The fact that we had such a major port drew in huge amounts of traffic – migrant workers, sailors, and even simple thoroughfare traffic from China to Ireland. This made us a kind of melting pot of culture.

It starts with a stew

Lobscouse – it’s warm, cheap, and fills you up. It’s throught to have originated in Scandinavia, but the working class Liverpudlians took a liking to it. If you’ve spent five minutes around a scouser, you’ll know we use shorthand as much as possible. The Hospital becomes The ‘Ozzy, Beverage becomes Bevvy, and Lobscouse becomes Scouse.

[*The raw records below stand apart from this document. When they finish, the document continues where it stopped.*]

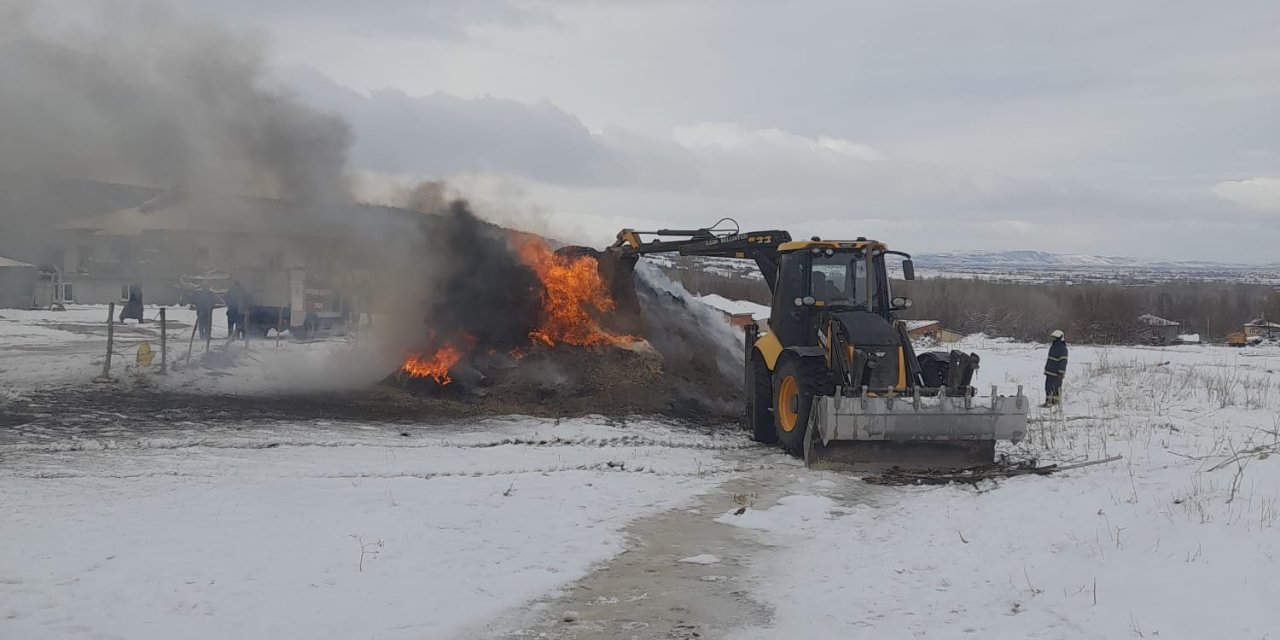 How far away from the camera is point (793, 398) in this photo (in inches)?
532

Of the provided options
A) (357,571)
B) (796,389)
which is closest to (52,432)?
(357,571)

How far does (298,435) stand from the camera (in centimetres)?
1394

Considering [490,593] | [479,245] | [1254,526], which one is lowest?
[490,593]

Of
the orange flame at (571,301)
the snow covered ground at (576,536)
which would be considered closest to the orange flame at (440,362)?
the orange flame at (571,301)

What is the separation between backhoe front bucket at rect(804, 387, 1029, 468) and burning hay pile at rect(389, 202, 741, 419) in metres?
5.60

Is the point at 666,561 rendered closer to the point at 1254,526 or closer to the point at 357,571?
the point at 357,571

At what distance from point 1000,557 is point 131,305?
33.5m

The stew was generally made of beef, potatoes, onions, and whatever else was at hand – sometimes thickened with crumbled ship biscuit. It was the food of the lower deck, boiled up on long voyages from salt beef and hardtack when nothing fresher was available. The word first appears in print in the early 1700s, though where it actually came from nobody can say for certain. The most popular guess traces it to the Norwegian lapskaus, and versions of the same dish were eaten right around the northern seaboard, the German Labskaus among them, all of it carried from port to port in sailors’ bellies.

How it became Liverpool’s

A dish that travels with sailors was always going to wash up in a great port, and by the late 1700s the potato-heavy version had become a staple of the Liverpool working class. It was genuinely the food of hard times: a record from the city’s poorhouse in the 1790s lists bulk orders of beef, potatoes and onions bought specifically to make scouse. When meat was beyond reach, families made it without, and that meatless version earned its own local name, blind scouse. Other towns ate their own takes on it, the Potteries still call theirs “lobby”, but only Liverpool ever turned the dish into a name for its people.

From the pot to the people

By the middle of the 1800s “lobscouse” had been worn down to plain “scouse” in everyday Liverpool talk. The leap from the dish to the diners came later, in the twentieth century, and the two world wars did much of the work: servicemen thrown together from every corner of the country traded nicknames. If you were seen dining with a bowl of lobscouse, you’d be easily identified as a scouser.

So, why Scouse?

Because Liverpool is a port – a big one at that, and a port lives on what the world brings in. The sailors brought a stew, the city adopted it and took its name from it, and the same churn of arrivals handed the place its unmistakable voice.

Scouse today

Every scouser has a special place in their heart for a bowl of scouse. I’ve had full conversations with Uber drivers about how great it was warming your cold hands on a hot bowl after playing in the snow. About how my mum made better scouse than his mum, and it’s not even close.

If you’re after a bowl scouse today, there’s no replacement for making it yourself. In fact, try and order it at a restaurant you’ll end up with whiplash. £10-£15 a bowl. Try telling that to the sailors of yore.